> _Collection entries_
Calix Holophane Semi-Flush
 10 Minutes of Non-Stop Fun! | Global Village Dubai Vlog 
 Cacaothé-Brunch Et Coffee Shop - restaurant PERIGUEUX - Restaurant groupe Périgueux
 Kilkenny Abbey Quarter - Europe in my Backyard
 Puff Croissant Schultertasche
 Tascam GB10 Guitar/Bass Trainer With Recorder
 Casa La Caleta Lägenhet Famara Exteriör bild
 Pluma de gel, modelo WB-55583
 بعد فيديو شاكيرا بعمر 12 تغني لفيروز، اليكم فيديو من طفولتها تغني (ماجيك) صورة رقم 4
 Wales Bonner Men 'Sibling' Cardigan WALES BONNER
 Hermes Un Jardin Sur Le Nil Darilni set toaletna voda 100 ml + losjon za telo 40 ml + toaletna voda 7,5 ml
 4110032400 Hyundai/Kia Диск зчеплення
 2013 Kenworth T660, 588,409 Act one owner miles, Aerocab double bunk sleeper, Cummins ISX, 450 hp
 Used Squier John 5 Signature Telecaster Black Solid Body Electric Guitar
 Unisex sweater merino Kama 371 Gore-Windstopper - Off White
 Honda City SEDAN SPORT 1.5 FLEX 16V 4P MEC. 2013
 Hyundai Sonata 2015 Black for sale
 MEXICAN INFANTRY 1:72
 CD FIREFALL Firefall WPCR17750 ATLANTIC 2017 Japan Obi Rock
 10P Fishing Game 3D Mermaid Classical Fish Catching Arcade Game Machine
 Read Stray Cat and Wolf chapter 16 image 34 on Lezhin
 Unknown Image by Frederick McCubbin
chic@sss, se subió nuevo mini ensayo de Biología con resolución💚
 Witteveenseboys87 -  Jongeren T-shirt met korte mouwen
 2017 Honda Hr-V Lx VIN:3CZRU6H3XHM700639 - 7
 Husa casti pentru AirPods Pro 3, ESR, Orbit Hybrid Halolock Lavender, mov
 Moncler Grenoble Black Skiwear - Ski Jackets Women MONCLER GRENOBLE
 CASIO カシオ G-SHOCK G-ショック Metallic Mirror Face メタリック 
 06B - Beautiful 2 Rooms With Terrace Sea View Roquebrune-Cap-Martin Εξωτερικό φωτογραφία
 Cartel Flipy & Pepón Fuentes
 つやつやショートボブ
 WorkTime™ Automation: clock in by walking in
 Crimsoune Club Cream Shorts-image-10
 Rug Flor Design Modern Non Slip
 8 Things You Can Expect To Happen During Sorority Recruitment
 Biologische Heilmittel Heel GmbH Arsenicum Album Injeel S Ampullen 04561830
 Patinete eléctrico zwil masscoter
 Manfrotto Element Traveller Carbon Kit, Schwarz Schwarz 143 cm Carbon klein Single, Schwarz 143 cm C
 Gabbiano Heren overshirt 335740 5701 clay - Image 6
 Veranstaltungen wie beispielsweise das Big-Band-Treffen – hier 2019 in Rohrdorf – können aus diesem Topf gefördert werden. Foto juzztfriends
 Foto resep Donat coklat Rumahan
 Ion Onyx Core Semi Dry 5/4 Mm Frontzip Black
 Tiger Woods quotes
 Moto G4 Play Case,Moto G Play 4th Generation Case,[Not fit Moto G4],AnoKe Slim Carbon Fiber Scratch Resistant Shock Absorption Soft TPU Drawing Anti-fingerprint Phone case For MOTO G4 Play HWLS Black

> _What needs to be done_
Write the opening line of the data above and every line after it, exactly, stopping once you have written the line with "Pluma de gel, modelo WB-55583".

> _Task solution_
Calix Holophane Semi-Flush
 10 Minutes of Non-Stop Fun! | Global Village Dubai Vlog 
 Cacaothé-Brunch Et Coffee Shop - restaurant PERIGUEUX - Restaurant groupe Périgueux
 Kilkenny Abbey Quarter - Europe in my Backyard
 Puff Croissant Schultertasche
 Tascam GB10 Guitar/Bass Trainer With Recorder
 Casa La Caleta Lägenhet Famara Exteriör bild
 Pluma de gel, modelo WB-55583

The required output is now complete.